The chaotic crash-landing of a robotic spacecraft called Philae has yielded serendipitous insights into the softness of comets.
In 2014, the pioneering European Space Agency (ESA) lander touched down on comet 67P/Churyumov–Gerasimenko, after a ten-year journey aboard its mothership, Rosetta. But rather than fix itself to the surface, Philae bounced twice and ended up on its side under a shady overhang, cutting its mission short.
After a meticulous search, an ESA team has now discovered the previously unknown site of Philae’s second touchdown — and with it an imprint that the craft left in comet ice that is billions of years old (see ‘Boulder bounce’).
The imprint has allowed the researchers to measure the strength of ice beneath the comet’s surface — and they discovered that it is exceptionally soft. “It’s softer than the lightest snow, the froth on your cappuccino or even the bubbles in your bubble bath,” says Laurence O’Rourke, an ESA scientist at the European Space Astronomy Centre in Madrid, who led a search to locate the wayward lander, which was found in 2016.
This is “a wonderful piece of detective work”, says Jessica Sunshine, who studies comets at the University of Maryland in College Park, and was not involved in the work. The study is important, she says, because some previous data from Philae had suggested that 67P’s surface could be very hard — which might hinder future attempts to retrieve samples of comet ice. The latest result provides evidence that the ice is weak and compressible. “I’m very excited to have proof that we can get back out there and get a sample of 4.5-billion-year-old ice,” says Sunshine. The findings were published1 in Nature on 28 October.
ESA scientists knew that Philae bounced on landing and clipped a cliff edge. It then tumbled towards a mystery location, before coming to rest. The landing would not have been violent: in the comet’s low gravity, the 100-kilogram probe would have weighed one gram and taken 10 seconds to drift one metre, says O’Rourke.
To hunt for the second touchdown site, O’Rourke’s team analysed images around the lander taken by Rosetta. After spotting telltale signs of bright, artificially cut ice around 30 metres away from the probe’s resting place, the researchers used images taken from all angles to build a 3D model of the area, which they nicknamed skull-top ridge because of the boulders’ shape.
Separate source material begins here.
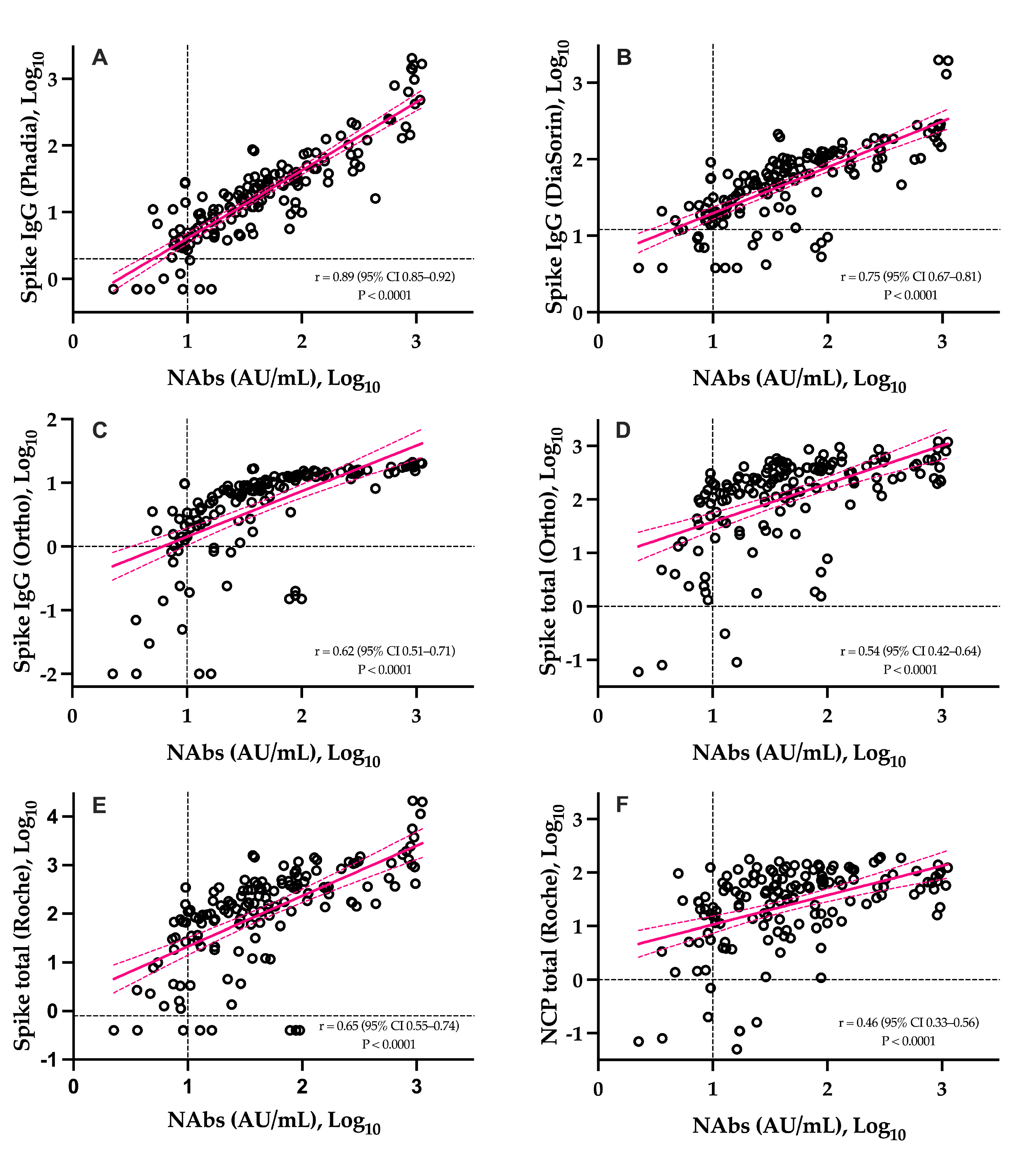 Viruses 13 01364 g003 550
The team compared the landscape before and after Philae’s passage and analysed internal data from the probe to reconstruct the craft’s likely trajectory through the ridge.
They think that Philae touched the surface at four points over two minutes: it slid down a slope, cartwheeled through a crevice and hit a boulder, then bounced on its head before departing for its resting place. The third impact was the most revealing. The top of the craft made a 25-centimetre-deep imprint in boulder ice. By comparing this depth with the time taken to make the imprint — which it gleaned from how long Philae’s magnetic sensor was displaced — the researchers calculated the material’s compressive strength to be just 12 pascals. That’s softer than freshly fallen snow, they say.
Although Philae’s tilted final position meant the drill on its underside never reached the comet’s surface, the instrument’s housing, a tower on the craft’s surface, ended up penetrating the ice far enough to make some similar measurements. “We’ve been able to probe the interior of the comet and understand what it’s made of, all because of Philae’s movements, rather than a dedicated instrument on board,” says O’Rourke. “This is the icing on the cake.”